SEKRETARIS NEGARA ANTONY J. BLINKEN MEMBERIKAN Pidato TENTANG KEBIJAKAN LUAR NEGERI AS DI DEPARTEMEN NEGARA AS DI WASHINGTON, D.C., TANGGAL 3 MARET 2021. (FOTO: DEPARTEMEN NEGARA FOTO OLEH RON PRZYSUCHA)

Dua kelompok hak asasi manusia telah mengirim surat yang meminta pemerintah Biden untuk membatalkan rencananya untuk membangun Kompleks Kedutaan Besar AS yang baru di Yerusalem. Surat itu dikirim atas nama keluarga Palestina yang akan mewarisi tanah itu jika tidak disita oleh Israel beberapa dekade lalu.

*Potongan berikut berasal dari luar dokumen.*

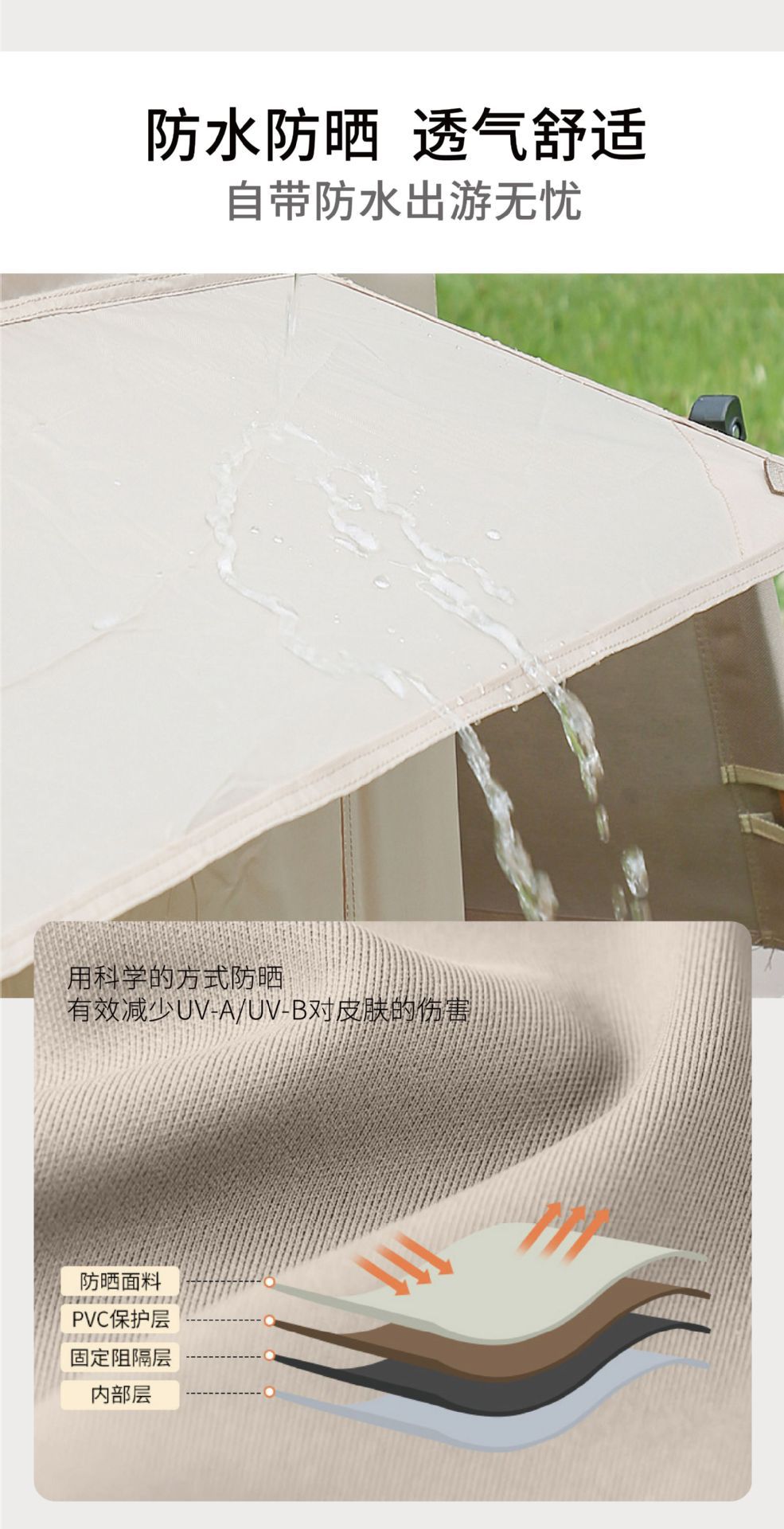 Outdoor Tent 12 ㎡ Travel Automatic Outdoor Camping Inflatable Tent for 4-10 People, No Need to Set Up, Windproof and Rainproof.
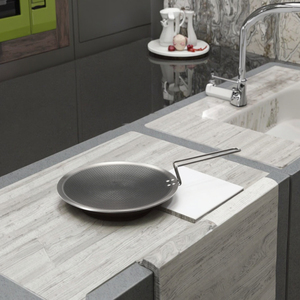Padella Tawa Moderna in Metallo Triplo Strato con Rivestimento <span class=keywords><strong>Antiaderente</strong></span> in Ceramica, Design Ecologico Adatto al <span class=keywords><strong>Forno</strong></span>, per Fornelli a Gas e a Induzione, Portatile e Resistente - Product Image 2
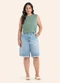 Secret Glam - Regata Feminina Canelada Plus Size Verde - variação: Verde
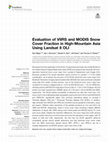 Research paper thumbnail of Evaluation of VIIRS and MODIS Snow Cover Fraction in High-Mountain Asia Using Landsat 8 OLI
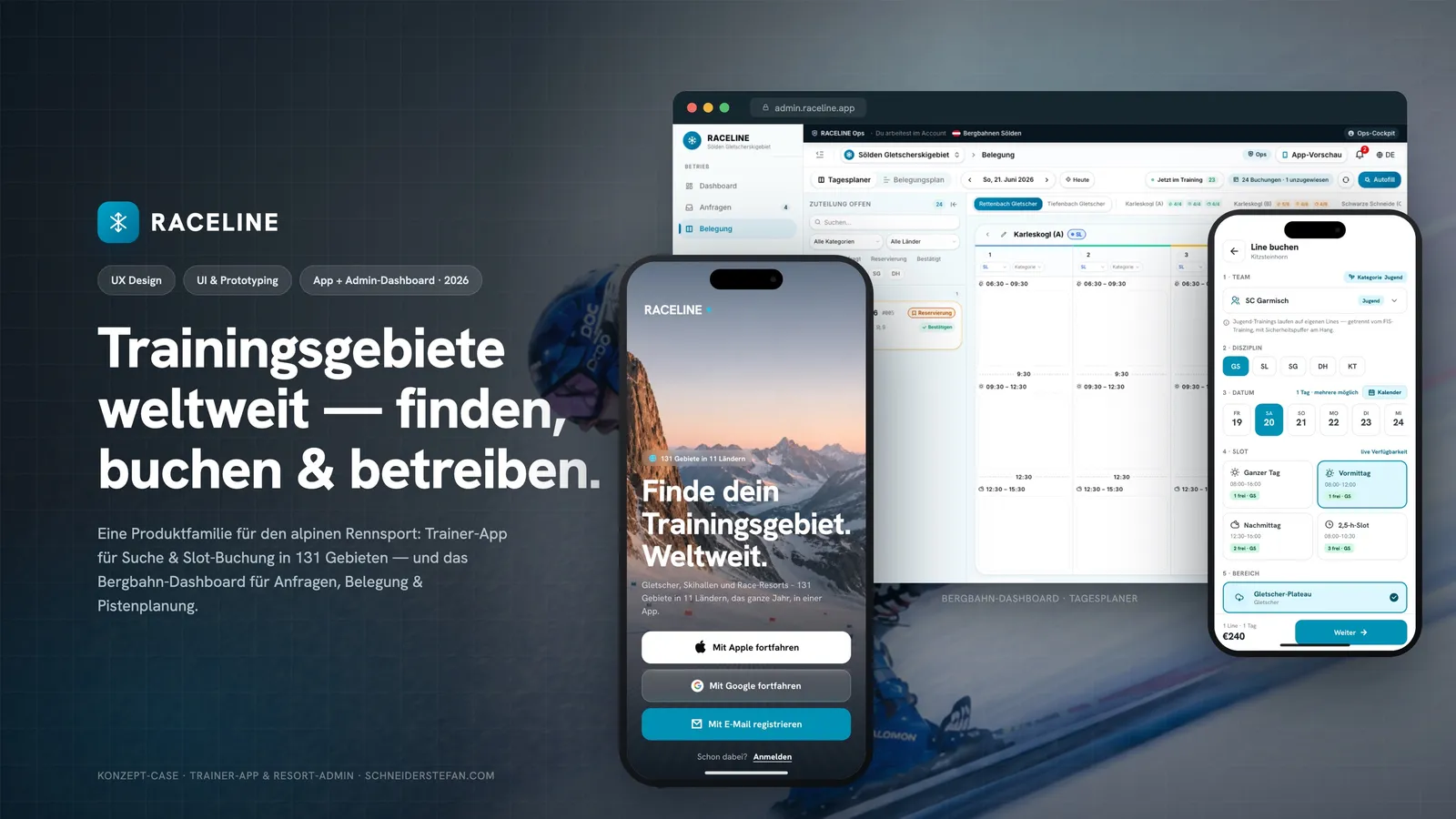 RACELINE – Pistenbooking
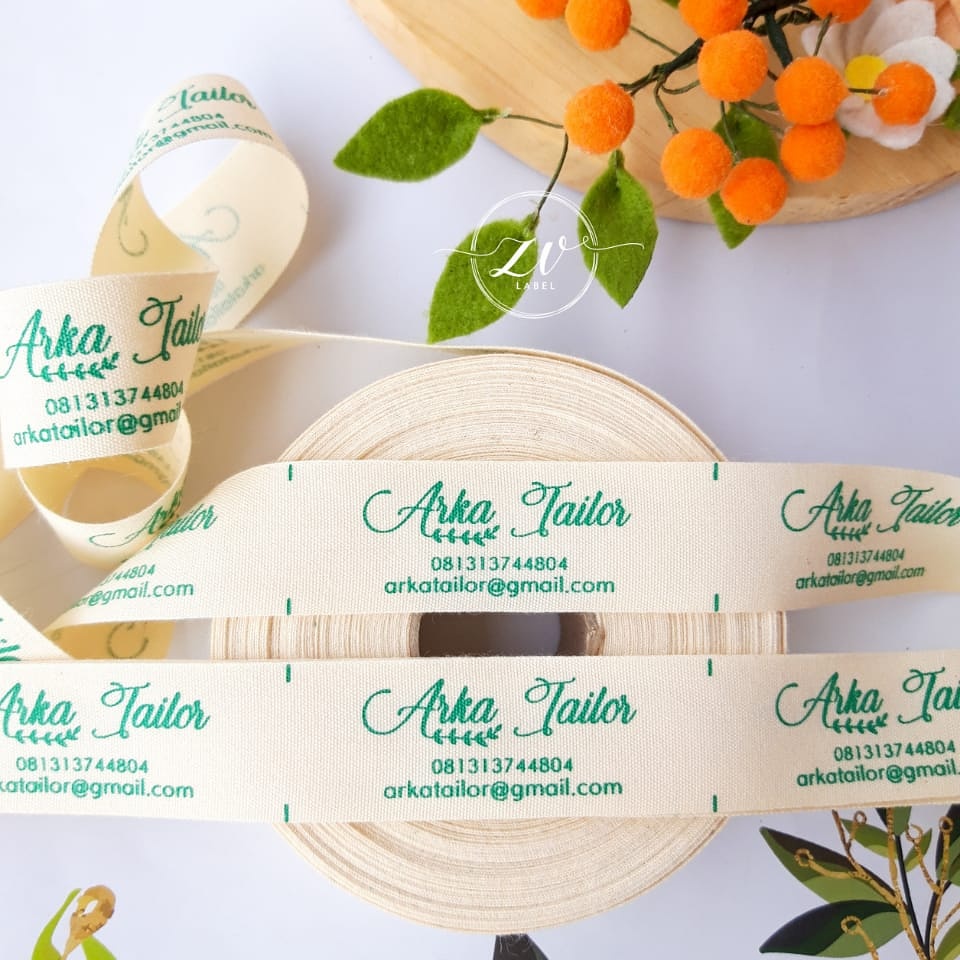 

Label Katun Cream
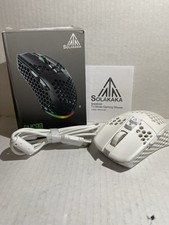 MOUSE Solakaka SM600 WHITE Dual Mode Wireless Bluetooth Gaming Mouse Open Box picture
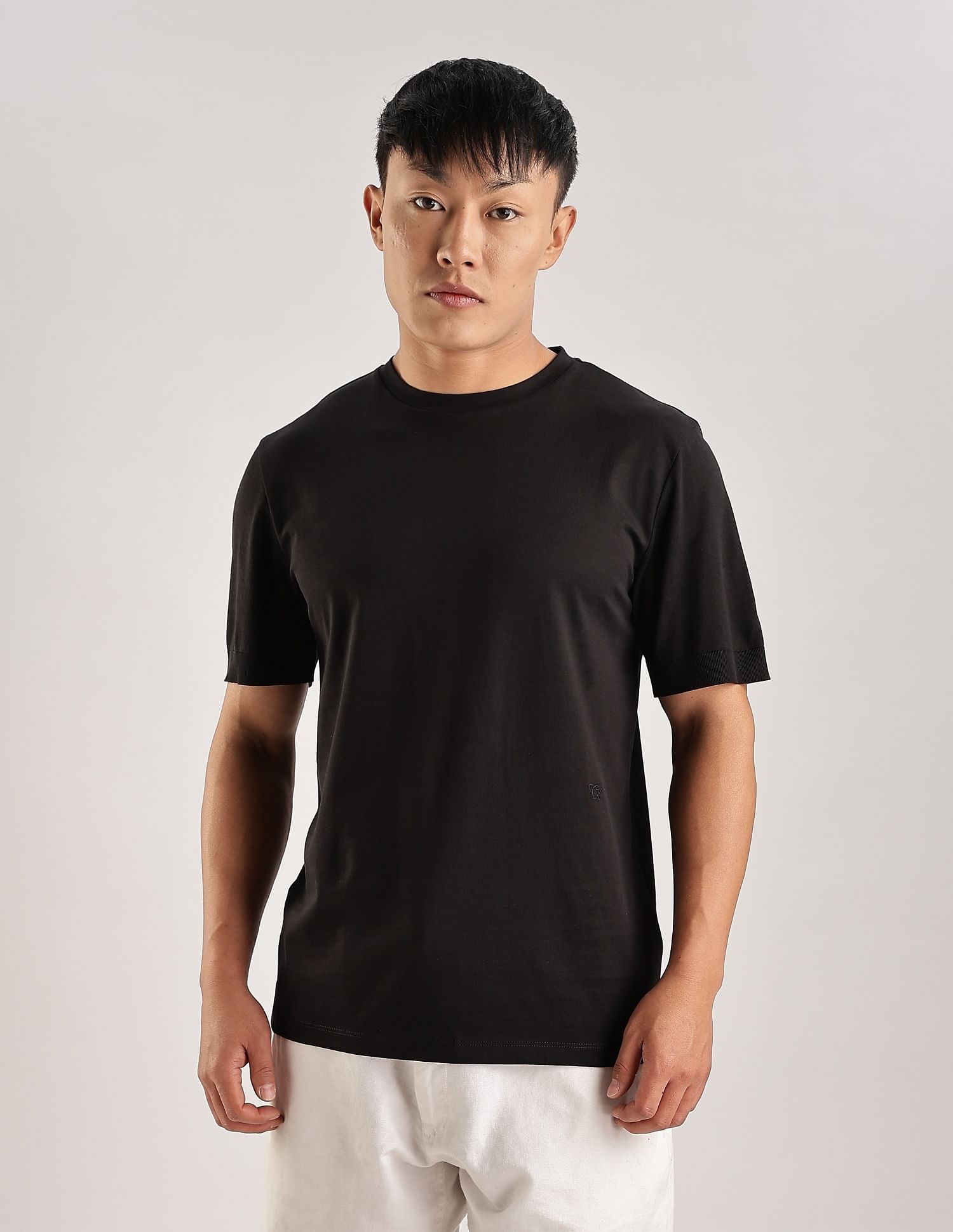 Calvin Klein Solid Regular-Fit Cotton T-Shirt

Surat yang ditulis oleh Adalah-The Legal Center for Arab Minority Rights dan Center for Constitutional Rights (CCR), ditujukan kepada Menteri Luar Negeri AS Anthony Blinken dan Duta Besar AS untuk Israel Thomas Nides. “Kami menulis atas nama beberapa ahli waris Palestina ke tanah ini untuk secara resmi membawa informasi ini ke perhatian Departemen Luar Negeri, dan menuntut penghentian segera rencana ini,” bunyinya. “Kami meminta pertemuan dengan Departemen Luar Negeri dan Kedutaan Besar AS untuk mengklarifikasi posisi Pemerintah AS tentang otoritas Israel untuk menghapuskan hak milik di bawah Undang-undang Properti Absentees, dan untuk memastikan bahwa Administrasi Biden tidak mengambil langkah lebih lanjut untuk mempertahankan perampasan yang melanggar hukum atas Properti pengungsi Palestina dan, yang lebih mendasar, keputusan untuk memindahkan Kedutaan Besar AS ke Yerusalem bertentangan dengan konsensus internasional.”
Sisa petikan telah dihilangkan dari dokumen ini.